EXERCISE DESCRIPTION>
Starting at the line that contains "OMRON CS2 - CE - 14", please transcribe every line through the end of the entries, exactly and with no pictures.

Dataset excerpts
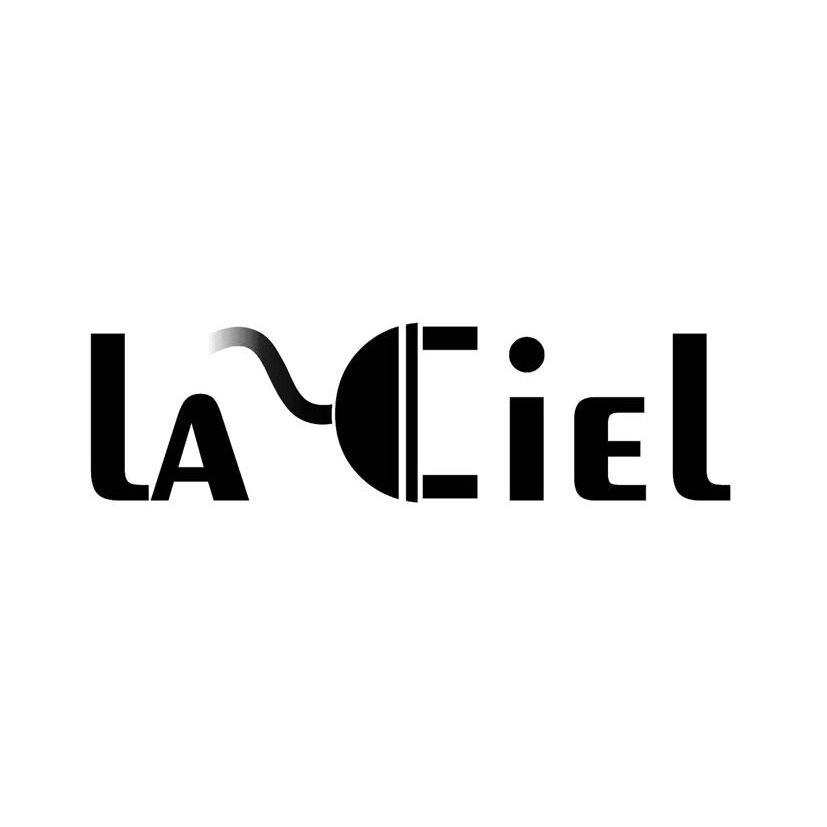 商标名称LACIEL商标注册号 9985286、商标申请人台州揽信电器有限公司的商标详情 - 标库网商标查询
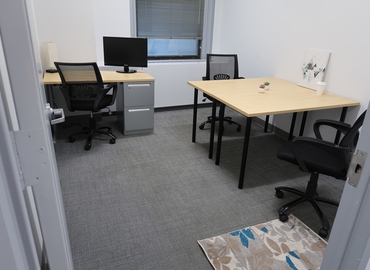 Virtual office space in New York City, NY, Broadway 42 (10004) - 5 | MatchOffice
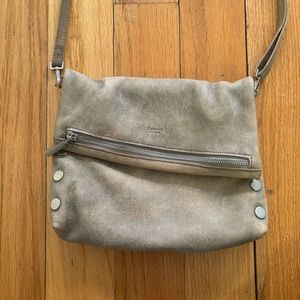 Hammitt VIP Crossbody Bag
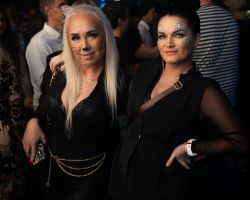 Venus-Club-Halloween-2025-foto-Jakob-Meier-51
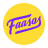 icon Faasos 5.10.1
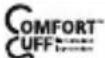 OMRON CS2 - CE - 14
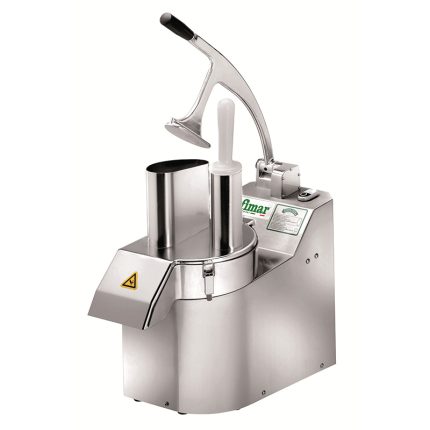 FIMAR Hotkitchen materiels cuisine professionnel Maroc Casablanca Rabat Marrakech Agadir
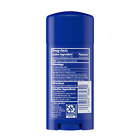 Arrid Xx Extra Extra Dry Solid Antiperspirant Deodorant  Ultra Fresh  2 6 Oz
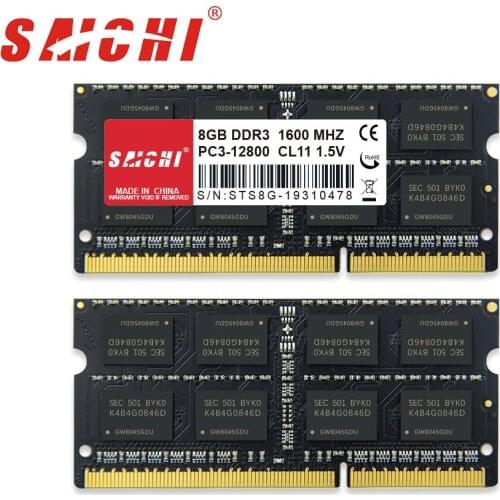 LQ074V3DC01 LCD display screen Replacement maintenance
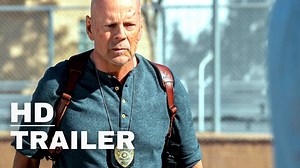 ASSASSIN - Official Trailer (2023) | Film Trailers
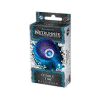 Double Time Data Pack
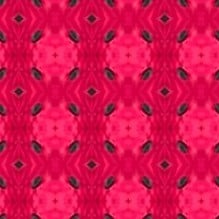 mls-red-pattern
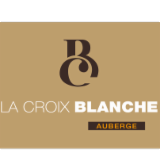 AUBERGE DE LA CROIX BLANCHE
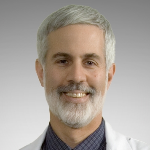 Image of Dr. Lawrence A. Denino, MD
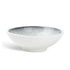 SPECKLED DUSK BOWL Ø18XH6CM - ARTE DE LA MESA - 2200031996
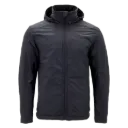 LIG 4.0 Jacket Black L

EXERCISE SOLUTION>
 OMRON CS2 - CE - 14
 FIMAR Hotkitchen materiels cuisine professionnel Maroc Casablanca Rabat Marrakech Agadir
 Arrid Xx Extra Extra Dry Solid Antiperspirant Deodorant  Ultra Fresh  2 6 Oz
 LQ074V3DC01 LCD display screen Replacement maintenance
 ASSASSIN - Official Trailer (2023) | Film Trailers
 Double Time Data Pack
 mls-red-pattern
 AUBERGE DE LA CROIX BLANCHE
 Image of Dr. Lawrence A. Denino, MD
 SPECKLED DUSK BOWL Ø18XH6CM - ARTE DE LA MESA - 2200031996
 LIG 4.0 Jacket Black L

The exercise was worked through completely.